For the first seven or eight years of my life, in addition to Christmas presents from all the usual suspects—mom and grandma, aunts and uncles—every December the mailman would deliver some odd gift in a plain brown wrapper. These parcels were always addressed in the same fussy fashion: “To Master H.W. McGruther, Esq.” No sender’s name or return address. When I quizzed mom about the origin of these charitable contributions to my arsenal of holiday detritus, her answer was always the same. “Your father.” I wanted to think differently about dad and his parcel post parenting, but these unmarked boxes always contained more questions than answers.
“I HATE football—what am I supposed to do with a Jets helmet?”
“What the hell’s an Ant Farm?”
“A toy Doctor kit?! Does he think I’m a three-year-old?”
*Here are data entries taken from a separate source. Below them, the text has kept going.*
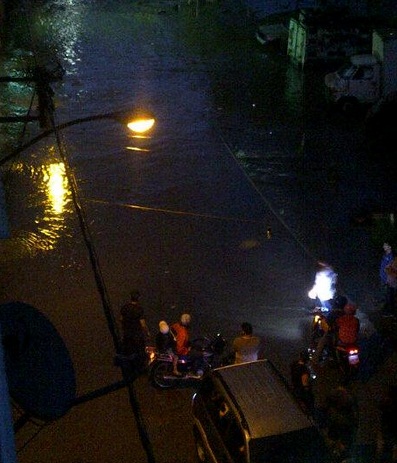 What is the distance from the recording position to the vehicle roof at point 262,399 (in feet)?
22.3

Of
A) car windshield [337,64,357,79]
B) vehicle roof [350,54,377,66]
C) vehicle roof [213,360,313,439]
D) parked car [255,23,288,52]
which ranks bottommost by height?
vehicle roof [213,360,313,439]

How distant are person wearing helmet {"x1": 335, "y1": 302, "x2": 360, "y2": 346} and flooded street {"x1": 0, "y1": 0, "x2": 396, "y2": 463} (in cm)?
115

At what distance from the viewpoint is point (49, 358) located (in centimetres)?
429

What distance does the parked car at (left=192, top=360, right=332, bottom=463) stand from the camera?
667 centimetres

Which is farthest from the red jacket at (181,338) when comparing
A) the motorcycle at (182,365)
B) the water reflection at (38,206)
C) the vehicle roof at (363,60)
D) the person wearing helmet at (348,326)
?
the vehicle roof at (363,60)

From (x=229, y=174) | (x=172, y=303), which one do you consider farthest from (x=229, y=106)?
(x=172, y=303)

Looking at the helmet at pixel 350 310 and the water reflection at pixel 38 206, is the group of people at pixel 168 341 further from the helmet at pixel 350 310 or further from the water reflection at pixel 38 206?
the water reflection at pixel 38 206

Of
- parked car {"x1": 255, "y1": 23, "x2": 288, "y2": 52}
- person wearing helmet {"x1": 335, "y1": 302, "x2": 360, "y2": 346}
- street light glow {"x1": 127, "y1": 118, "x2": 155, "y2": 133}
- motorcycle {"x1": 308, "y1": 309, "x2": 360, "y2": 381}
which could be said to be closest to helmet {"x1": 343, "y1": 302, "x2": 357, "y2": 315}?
person wearing helmet {"x1": 335, "y1": 302, "x2": 360, "y2": 346}

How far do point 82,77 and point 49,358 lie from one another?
941 inches

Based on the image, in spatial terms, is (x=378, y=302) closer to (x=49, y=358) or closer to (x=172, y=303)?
(x=172, y=303)

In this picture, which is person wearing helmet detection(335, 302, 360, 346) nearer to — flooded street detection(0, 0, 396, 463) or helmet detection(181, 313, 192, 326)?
flooded street detection(0, 0, 396, 463)

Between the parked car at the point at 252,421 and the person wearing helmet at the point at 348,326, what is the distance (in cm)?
181

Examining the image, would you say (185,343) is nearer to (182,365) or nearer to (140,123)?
(182,365)

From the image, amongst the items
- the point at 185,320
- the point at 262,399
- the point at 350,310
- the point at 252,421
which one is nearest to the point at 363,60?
the point at 350,310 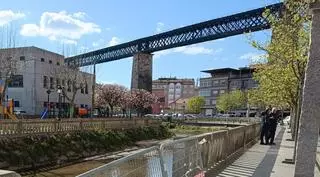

Every time I ridiculed the man who wasn’t there about the gift I didn’t like, mom launched into the same threadbare diatribe about the spirit of giving, then closed with a line straight out of an ABC After-School Special. “He’s your father and he loves you very much—nothing else matters.” Mom’s guilt trips worked like a charm. My greed and self-absorption plummeted, dad’s stock on the Love and Caring Index held steady, and mom’s’s Wisdom Quotient went through the roof. To regain her faith, I gamely diddled with dad’s dumb gift ’til New Years Day, then banished it to the back of my closet. When my birthday rolled around January 21st, mom would smile confidently as I tore into every fantastic gift she’s typed her fingers to the bone to finance. Slotcars. Tennis rackets. G.I. Joes with kung fu grip. A Dynamo label maker.
“Now THIS is a gift I can use! Thanks, mom!”
“I’m glad you like it. Now stop labeling everything in the goddamned house and go write your dad a thank-you letter. He’ll love hearing from you. “Thank him for the baseball mitt, but don’t mention you’re left-handed—it’ll only embarass him.”
Though I wrote those thank-you letters as instructed, eventually the plain brown packages stopped coming. Was it something I said? Did my hand-written letter for last year’s Mr. Potato Head seem less than sincere? We moved recently—maybe dad didn’t know our new address. Whatever the reason, it didn’t matter. Feigning interest in either the man or the feeble tokens of his affection had grown tiresome. Mom’s zeal to dignify dad’s memory had also waned. Ten years is a long time to pretend to care—especially for someone I never knew. For Mister H. W. McGruther, Sr., I’m sure the feeling was mutual.